Book Read Free

Fit To Curve (An Ellen and Geoffrey Fletcher Mystery Book 1)

Page 1

by Bud Crawford




  Fit to Curve

  an Ellen and Geoffrey Fletcher Mystery

  by Bud Crawford

  © Bud Crawford 2010

  Table of Contents

  Fit to Curve

  Table of Contents

  prologue

  chapter first — sunday

  chapter second

  chapter third — monday

  chapter fourth

  chapter fifth

  chapter sixth

  chapter seventh

  chapter eighth

  chapter ninth

  chapter tenth

  chapter eleventh — tuesday

  chapter twelfth

  chapter thirteenth

  chapter fourteenth

  chapter fifteenth — wednesday

  chapter sixteenth — thursday

  chapter seventeenth

  chapter eighteenth

  chapter nineteenth

  chapter twentieth

  chapter twenty-first

  chapter twenty-second

  chapter twenty-third

  chapter twenty-fourth — friday

  chapter twenty-fifth

  chapter twenty-sixth

  chapter twenty-seventh

  chapter twenty-eighth

  chapter twenty-ninth

  chapter thirtieth — saturday

  chapter thirty-first

  chapter thirty-second

  chapter thirty-third

  chapter thirty-fourth

  chapter thirty-fifth

  chapter thirty-sixth

  chapter thirty-seventh

  chapter thirty-eigth

  chapter thirty-ninth — sunday

  chapter fortieth

  chapter forty-first

  chapter forty-second

  chapter forty-third — monday

  chapter forty-fourth

  chapter forty-fifth

  chapter forty-sixth

  chapter forty-seventh

  chapter forty-eighth

  chapter forty-ninth

  chapter fiftieth

  chapter fifty-first

  chapter fifty-second

  chapter fifty-third — tuesday

  chapter fifty-fourth

  chapter fifty-fifth

  end

  prologue

  Digits stream across the terminal, too fast to register, yellow against the green screen. Grains of sand fill the hourglass, little gold bits pile higher and higher. The genius of the Process is the accumulation of pieces too small for anyone to see. Vigilance, patience, victory. It is almost done. Never forget the risk also accumulates. Vigilance, and the will to defend.

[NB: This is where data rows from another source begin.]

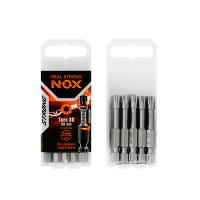 Биты TORX 30х50 NOX STRONG (5ac2434332c331ee1f1073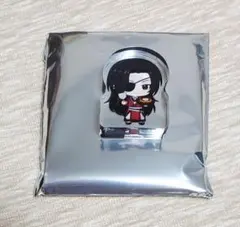 刀剣乱舞 ONLINE 大本丸博 スクエア缶バッジ 京極正宗 祝装 - メルカリ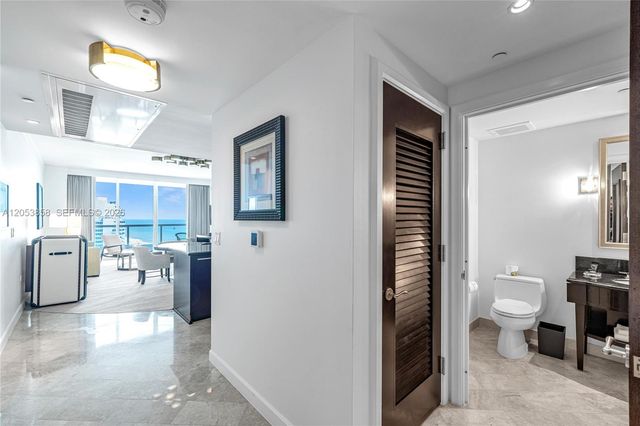 4391 COLLINS AVE 1707, Miami Beach, FL 33140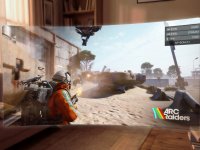 GeForce NOW: tutti gli annunci effettuati durante la GDC, in arrivo titoli AAA, VR a 90 FPS e tante altre novità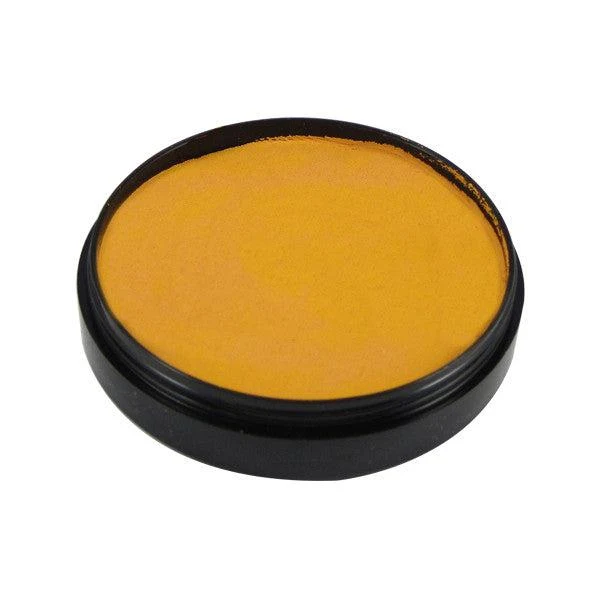 Mehron Paradise Makeup AQ - Image 20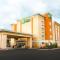 Holiday Inn Express Toledo North, an IHG Hotel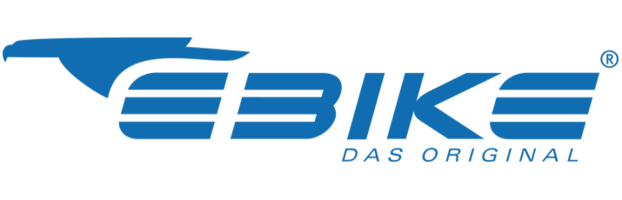 EBIKE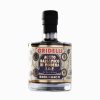 Gridelli Balsamico Nero 250 Ml | I Skafferiet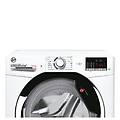 lavasciuga slim h3ds4642dac3-11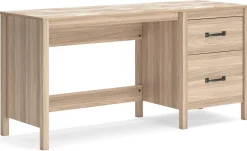 Best American Furniture Galleries Battelle Home Office Desk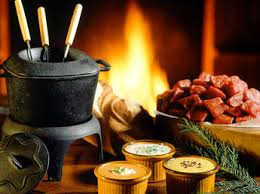 FONDUEBOURGUIGNONNE.png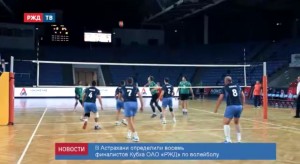 A8465E74-DD40-42C2-BAA8-D30211D365FA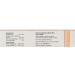 DK Cream For Hyperpigmentation Treatment 20 gram. - Buy Online on GoSupps.com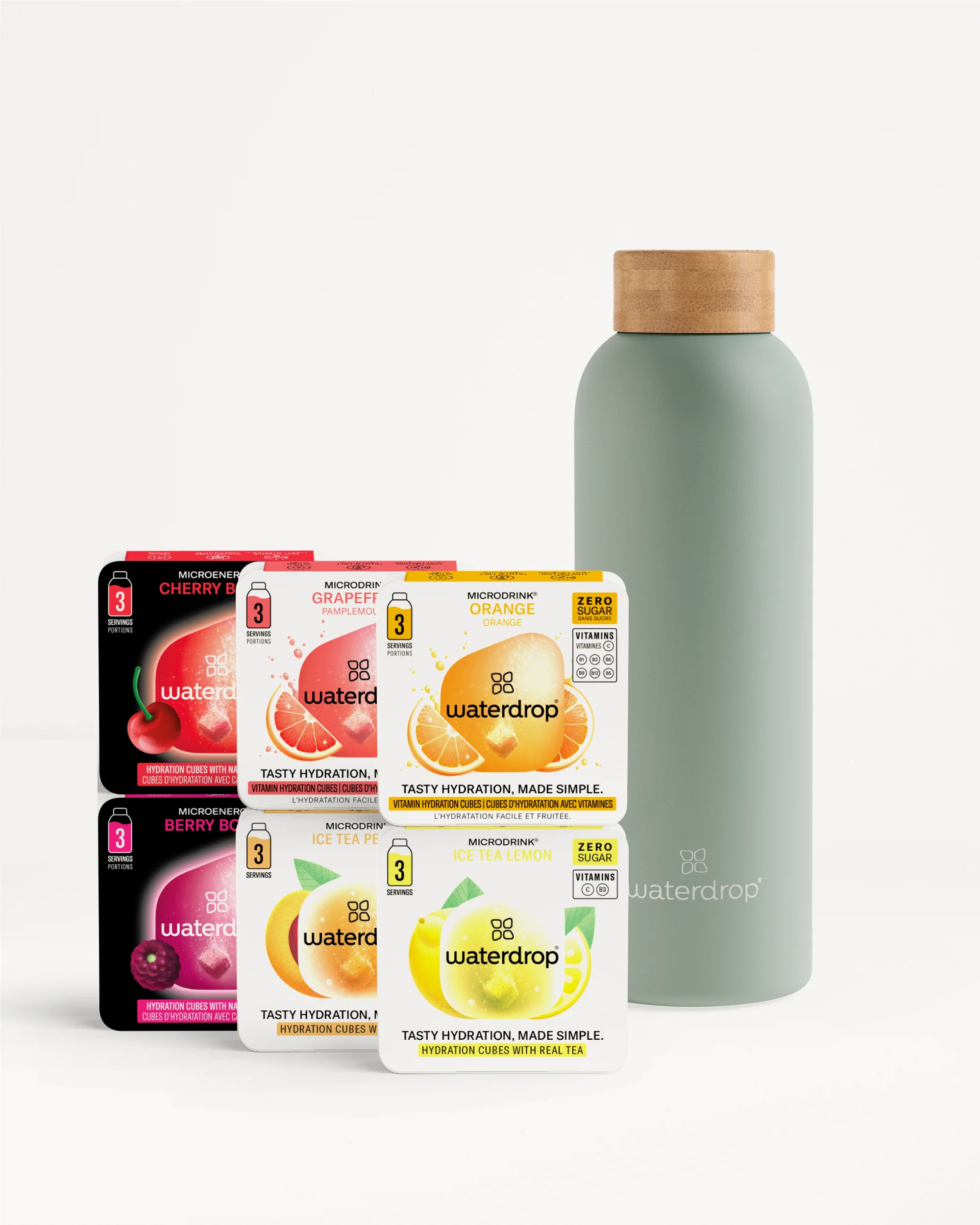 Image du produit 9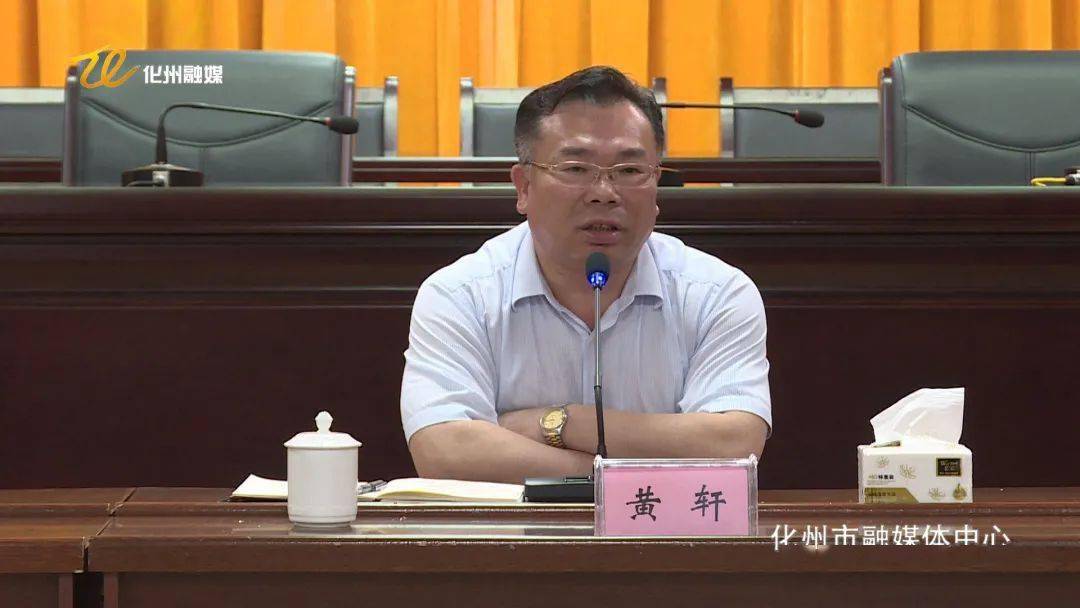 2024年澳門精準(zhǔn)免費(fèi)大全,深入研究執(zhí)行計(jì)劃_RRL23.349無(wú)限版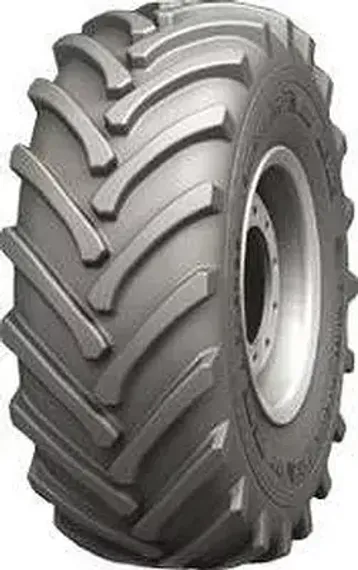 Tyrex Agro DR-109 420/85 R28 139/136A8_B TL
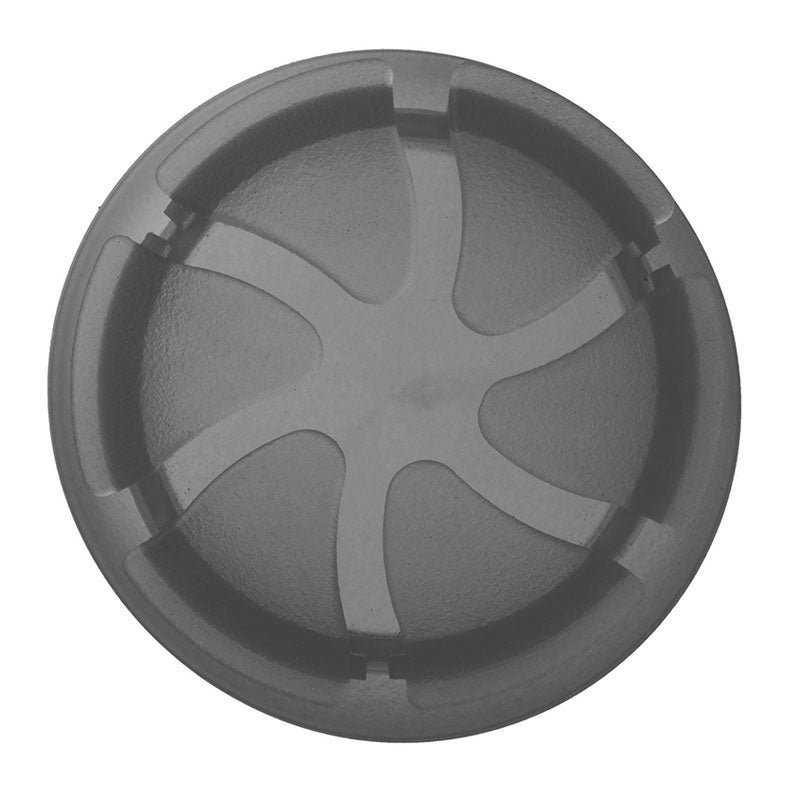 Silicone Case di The Nest για Hands Free ή Καλώδια Smoke
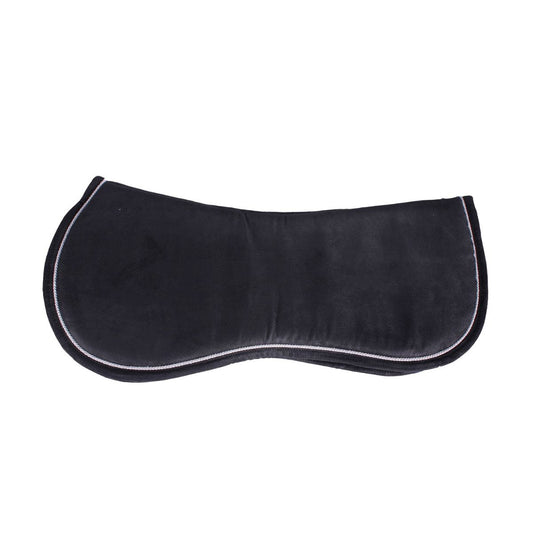 QHP Memory Foam pad, flere farver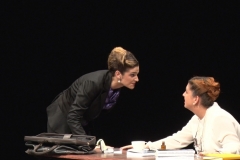 MONO-00403_03_51_13Still022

  The terminal emulator is better than the summary window. Everything before your eyes in real time. This batch should wrap up soon. Ah, there! The yellow stream stopped abruptly, leaving just a flashing cursor bar at the top of the screen. Okay, March is done. Click the switch, sharp phht from the monitor, black screen. Orgasmic. But better — you get to keep it.

  chapter first — sunday

  Ellen swung the carton of wine up onto the kitchen counter; it landed with a soft thunk. She set two grocery bags alongside and shook out her cramped fingers. Geoffrey's study door was open, on the far wall of the living room.

  "Is that the Crianza?" he asked.

  "What a gift! You don't need to sniff the cork or read the label, just hear the bottles hit the butcher block. Can you tell me the vintage?"

  "It wasn't supposed to be here until next week. That's great. We can bring it to Asheville, so we're not at the mercy of the local shops."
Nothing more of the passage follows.